J’entends d’ici les commentaires blasés des censeurs puristes pour qui le toreo doit toujours donner la sensation de sécurité et de lenteur sereine.

Le jeune matador de Morelia ( Mexique) nous a habitués depuis son alternative à un comportement audacieux, courageux, et pour le coup il a fait peur aux spectateurs. Sa prestation triomphale cette année pour Pâques à Aignan n’attendait que la confirmation d’alternative de Madrid pour démontrer les qualités et l’aficion superbe de ce jeune torero.

Hier à Las Ventas devant un horrible  toro de José Vazquez pour son toro de confirmation et un meilleur d’El Paralejo sorti en 6ème, Isaac Fonseca s’est joué la vie sans pathos, avec cette joie de toréer qui le tient depuis l’enfance.

Comme il n’avait rien pu montrer au premier il a donné un quite au très beau toro ensabanado de Tellez, quite fait de quatre chicuelinas de gala, ultra serrées, et une revolera à se mettre à genoux.

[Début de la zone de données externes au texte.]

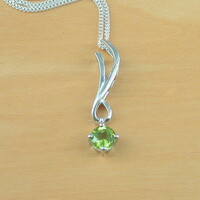 925 Peridot Pendant & 18" Silver Chain/ Peridot Jewelry/Peridot Jewellery/Peridot Necklace/August Birthstone/Peridot Jewelery/Green Peridot - Thumbnail 4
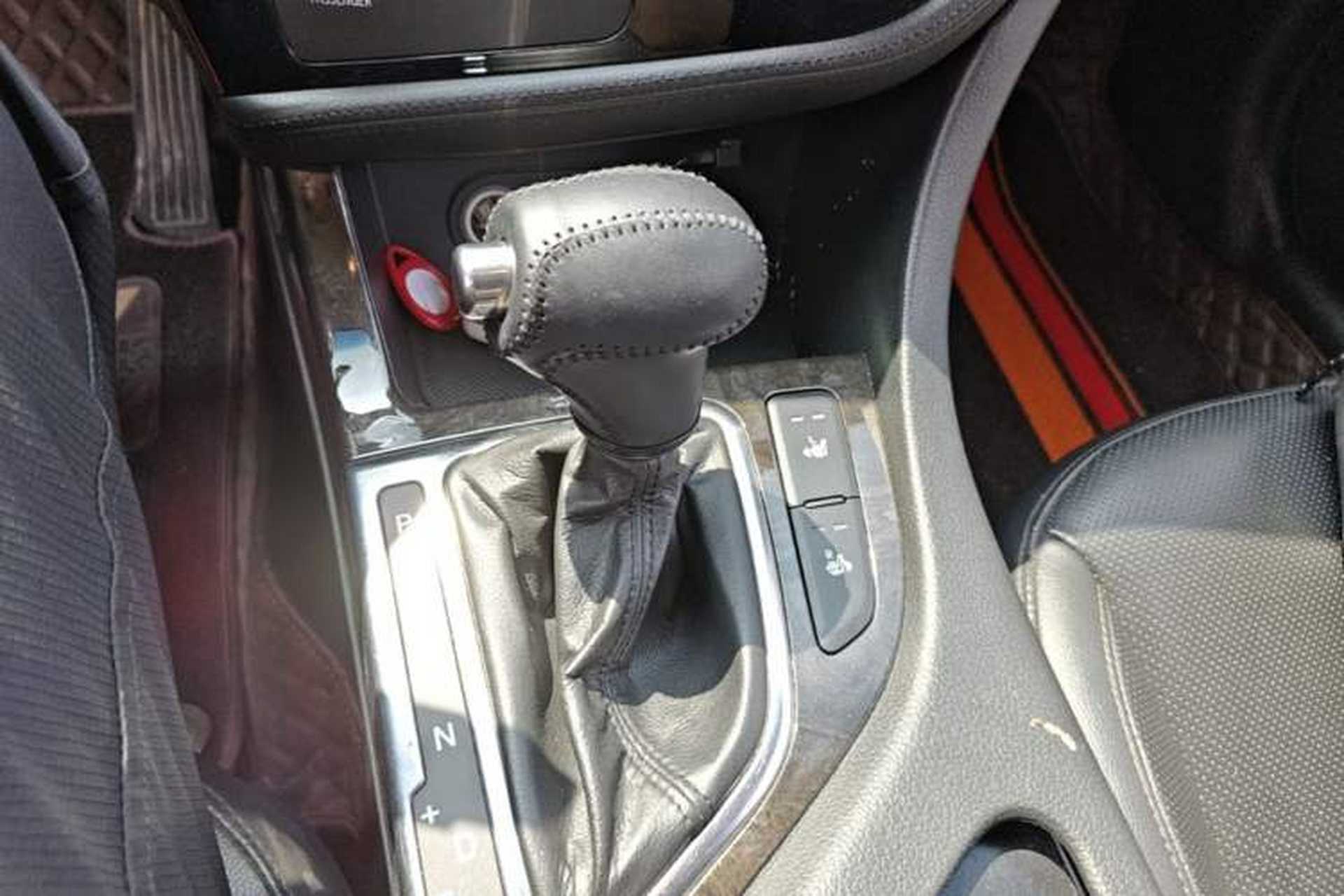 Used Kia K5 2014 2.0L Automatic LUXURY Gear Lever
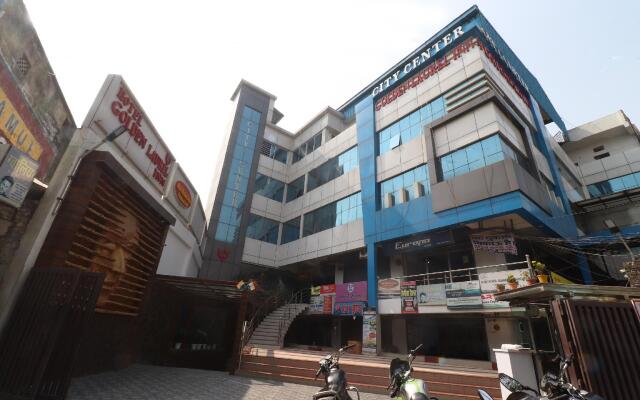 OYO 29382 Golden Laurel Inn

A genoux c’est ce qu’il fit pour recevoir son deuxième toro aux charges irrégulières dont il tira le maximum.La faena fut vibrante mais accrochée et le toro  enfonça par deux fois ses longues armures dans le sable en sortant de la muleta du diestro.

Le répertoire technique du jeune homme peut s’élargir mais l’émotion qu’il provoque fait de lui un modèle d’expression et de sourire devant la mort possible.

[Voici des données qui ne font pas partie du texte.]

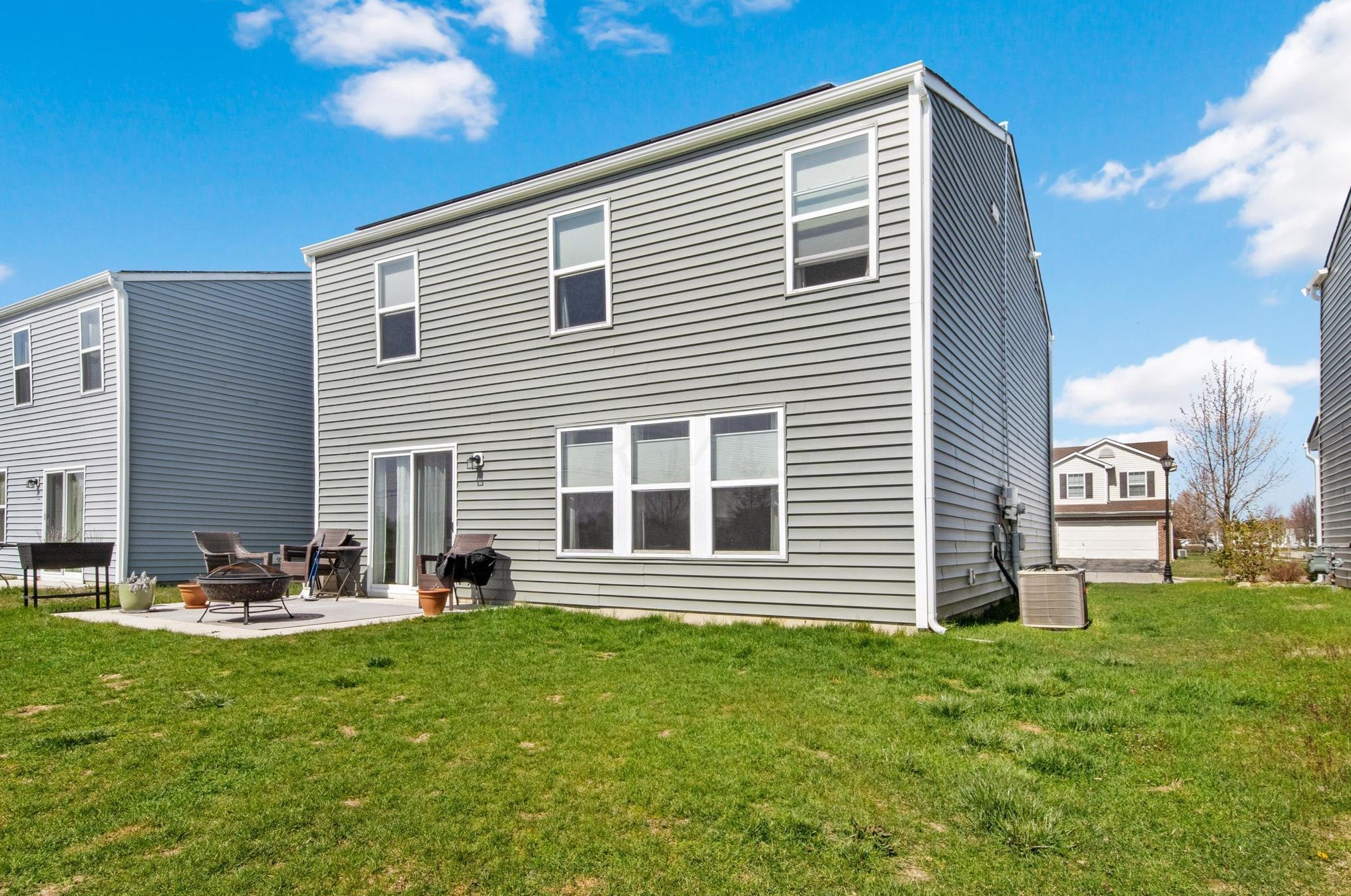 7445 Maple Spice Ave, Cnl Wnchstr OH  43110-8072 exterior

Un peu avant, son parrain d’alternative,  M A Perera avait montré  toute son envergure technique et physique (culminant à plus d’un mètre quatre vingt cinq) on était en droit d’être déçu par les épées de l’extremeño. Oreille perdue, tristement ,  après une faena de haute volée.

Après cette corrida  on lut et entendit des tas de choses , et des plus désagréables ou méprisantes (et méprisables aussi) à propos du mejicano, comme pueblerino, tremendista,et autres gracieusetés infondées d’ailleurs.

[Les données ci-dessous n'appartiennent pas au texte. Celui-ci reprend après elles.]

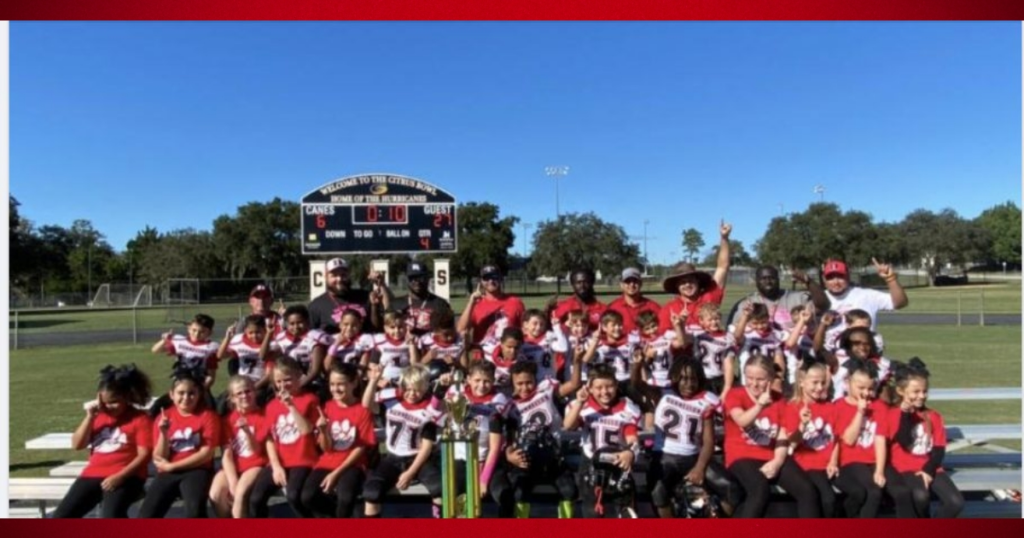 Dunnellon Tigers football team cheerleaders looking for financial help to attend state competition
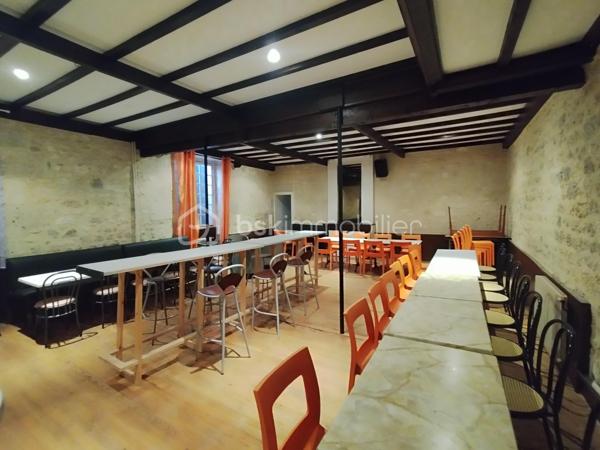 EXCLUSIVITÉ – Immeuble de rapport de 500 m² avec Bar-Restaurant, Licence IV et fort potentiel de développement – Centre historique de Nérac.

Au cœur du centre historique de Nérac, cité d’Henri IV et destination touristique prisée du Lot-et-Garonne, découvrez cet ensemble immobilier en pierre d’environ 500 m² offrant un potentiel exceptionnel pour un projet de restauration, d’hôtellerie, d’événementiel ou d’investissement locatif.

Une activité de restauration prête à l’exploitation : 

Le rez-de-chaussée accueille un Bar-Restaurant d’environ 250 m² entièrement meublé et équipé, permettant une reprise immédiate de l’activité sans investissement complémentaire majeur.
L’établissement dispose d’une salle de restauration chaleureuse, d’un espace bar, d’une cuisine semi-ouverte équipée de matériel professionnel (fours, réfrigérateurs, congélateurs, micro-ondes, hotte d’extraction…) conforme aux normes en vigueur, ainsi que de l’ensemble du mobilier, de la verrerie et des équipements nécessaires à l’exploitation.
Une agréable terrasse de 65 m² constitue un véritable atout commercial et permet d’accueillir une clientèle supplémentaire durant la saison touristique.
La vente comprend également une Licence IV, élément particulièrement recherché et à forte valeur ajoutée.
Deux caves d’une superficie totale d’environ 70 m² complètent cet espace.

Des surfaces complémentaires à valoriser : 

Au premier étage, vous bénéficierez d’une vaste salle meublée pouvant accueillir de multiples projets : réception, séminaires, privatisations, salle événementielle ou extension de l’activité de restauration.
Un studio meublé complète ce niveau.

Un important potentiel d’aménagement : 

Les niveaux supérieurs restent à rénover et offrent de nombreuses possibilités de valorisation : création de logements, chambres d’hôtes, hébergements touristiques, espaces professionnels ou projet mixte selon vos ambitions.

Les points forts : 

✔ Immeuble en pierre de caractère
✔ Environ 500 m² de surface exploitable
✔ Emplacement premium dans le centre historique de Nérac
✔ Bar-Restaurant entièrement équipé et opérationnel
✔ Licence IV incluse dans la vente
✔ Terrasse de 65 m²
✔ Studio meublé
✔ Deux caves de 70 m² au total
✔ Fort potentiel de création de valeur
✔ Idéal investisseur, restaurateur ou professionnel du tourisme

Une opportunité rare d’acquérir un immeuble de caractère associant exploitation commerciale immédiate et fort potentiel de développement dans l’une des villes les plus attractives du Lot-et-Garonne.

À découvrir sans tarder !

Qui aujourdhui  oserait se plaindre de la nouvelle génération de ces toreros d’entrega ? les formalistes de l’ordre établi ? faut– il donc que le toreo n’évolue pas ?  que définitivement l’opprobre soit jeté sur ceux qui osent leur différence ?.

Souvenons- nous, d’Ordoñez, Dominguin, el Viti, Cordobes,Lequel di est resté non seulement dans les mémoires mais aussi dans l’histoire ?

Qui de nos jours ? Ponce ou Juli ? Morante, José Tomas ou Urdiales ? certes comparaison n’est pas raison, mais enfin les formalismes académiques et le rejet des fortes personnalités ne rend pas service à l’aficion et c’est par le retour d’un nombreux public jeune aux arènes que l’on peut juger de la véritable importance d’un Roca Rey, et demain d’un Marco Perez ou d’un Isaac Fonseca.

Tout cela pour dire aux tenants de l’orthodoxie rigoureuse et ennuyeuse   que Jacques Durand appelle les  « scrogneugneu », que l’ émotion en art doit toujours primer sur le goût, quitte à choquer les académistes.

Et puis et puis … arriver aux arènes en calèche comme Morante, ou en bus de la régie des transports madrilènes comme Isaac Fonseca, c’est la même chose, une sorte de romantisme et d’amour profond pour cet art qui nous obséde.